Un video protagonizado por Lis Cuesta, esposa del gobernante cubano Miguel Díaz-Canel, generó una ola de comentarios en redes sociales después de mostrarla arreglando el cabello del mandatario antes de una entrevista con el diario brasileño Folha de S.Paulo.
La escena ocurrió momentos antes de la conversación con la periodista Mônica Bergamo y fue difundida como parte del material previo por el propio medio brasileño.
En las imágenes, Cuesta aparece acomodando algunos mechones y canas de Díaz-Canel con los dedos humedecidos con saliva mientras el presidente cubano permanece sentado frente a las cámaras. El gesto, que duró apenas unos segundos, se convirtió rápidamente en contenido viral y provocó burlas, críticas y comentarios políticos entre usuarios cubanos.
La polémica surgió en medio de un contexto marcado por una de las mayores crisis económicas y energéticas de Cuba en décadas. La entrevista de Folha de S.Paulo abordó temas como los apagones, la escasez de combustible, las reformas económicas, las tensiones con Estados Unidos y la situación social de la isla.

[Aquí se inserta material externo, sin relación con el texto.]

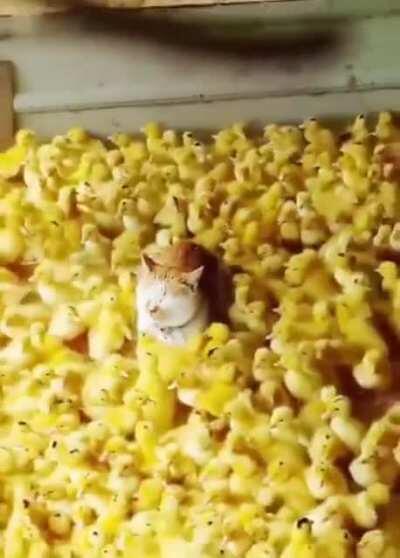 Being a bro even against nature!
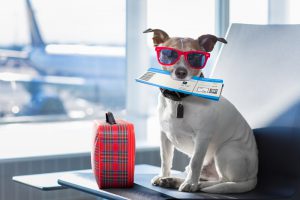 ¿Viajas con tu mascota? ¡No cometas estos errores!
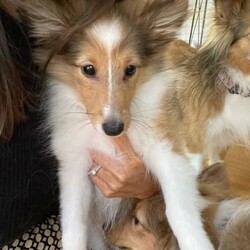 Purebred Sheltie/Shetland Sheepdog//Younger Than Six Months,We have 1 beautiful purebred Shetland Sheepdog puppy available. Male. 16 weeks old and ready for his new home immediately. Fully vaccinated, microchipped, comprehensively health checked, regularly wormed and in the process of toilet training. We are located in Tugun.Breeder number BIN0012856142127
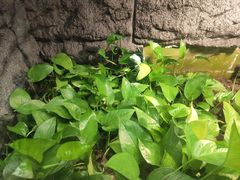 -上海大自然野生昆虫馆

Una escena viral antes de la entrevista de Díaz-Canel
El momento fue compartido posteriormente por usuarios y periodistas independientes en redes sociales, quienes destacaron el contraste entre la informalidad de la escena y la gravedad de los temas que serían tratados durante la entrevista.
Algunos comentarios se enfocaron en el aspecto anecdótico del video, mientras otros utilizaron las imágenes para cuestionar la imagen pública de la pareja presidencial en momentos en que millones de cubanos enfrentan dificultades para acceder a servicios básicos.
El periodista brasileño Mônica Bergamo entrevistó a Díaz-Canel para Folha de S.Paulo en una conversación donde el mandatario defendió la gestión de su gobierno y atribuyó gran parte de los problemas económicos de Cuba a las sanciones estadounidenses.
Durante la entrevista, Díaz-Canel rechazó que Cuba esté al borde del colapso y sostuvo que el país atraviesa dificultades relacionadas principalmente con factores externos. También reconoció problemas internos como burocracia, lentitud administrativa e insatisfacción entre sectores de la población.
Díaz-Canel habló sobre apagones, economía y Estados Unidos
Uno de los puntos centrales de la conversación fue la situación energética cubana. Díaz-Canel aseguró que la falta de combustible ha reducido la capacidad de generación eléctrica y provocado apagones prolongados en diferentes regiones del país.
El gobernante también afirmó que Cuba recibió un volumen limitado de petróleo en los últimos meses y explicó que esa situación afectó la generación eléctrica y otras actividades económicas.
Sobre la economía, defendió las reformas impulsadas por su administración y negó que los cambios recientes representen un regreso al capitalismo. Según su posición, el sector privado puede participar en la economía, pero sin desplazar el papel central del Estado.
La conversación también incluyó preguntas sobre las tensiones con Washington y la posibilidad de una acción estadounidense contra Cuba. Díaz-Canel respondió que está dispuesto a asumir cualquier consecuencia personal antes que abandonar sus posiciones políticas.
Lis Cuesta vuelve al centro de la atención pública
La escena previa a la entrevista colocó nuevamente a Lis Cuesta en el foco de la conversación pública. Aunque no ocupa un cargo electivo, la esposa de Díaz-Canel mantiene presencia en actos oficiales y actividades vinculadas al Gobierno cubano.
El episodio generó interpretaciones diferentes entre los usuarios. Para algunos fue simplemente un momento privado captado antes de una aparición pública, mientras que otros lo relacionaron con la percepción sobre la dirigencia cubana en medio de la crisis nacional.
Hasta ahora, ni Díaz-Canel ni Lis Cuesta han emitido declaraciones públicas sobre la repercusión del video. La grabación continúa circulando en redes sociales y se convirtió en uno de los fragmentos más comentados alrededor de la entrevista con la prensa brasileña.
El episodio terminó desplazando parcialmente la atención sobre el contenido político de la conversación y añadió un nuevo elemento al debate digital sobre la imagen del poder cubano en un momento marcado por la crisis económica, los apagones y las dificultades cotidianas de la población.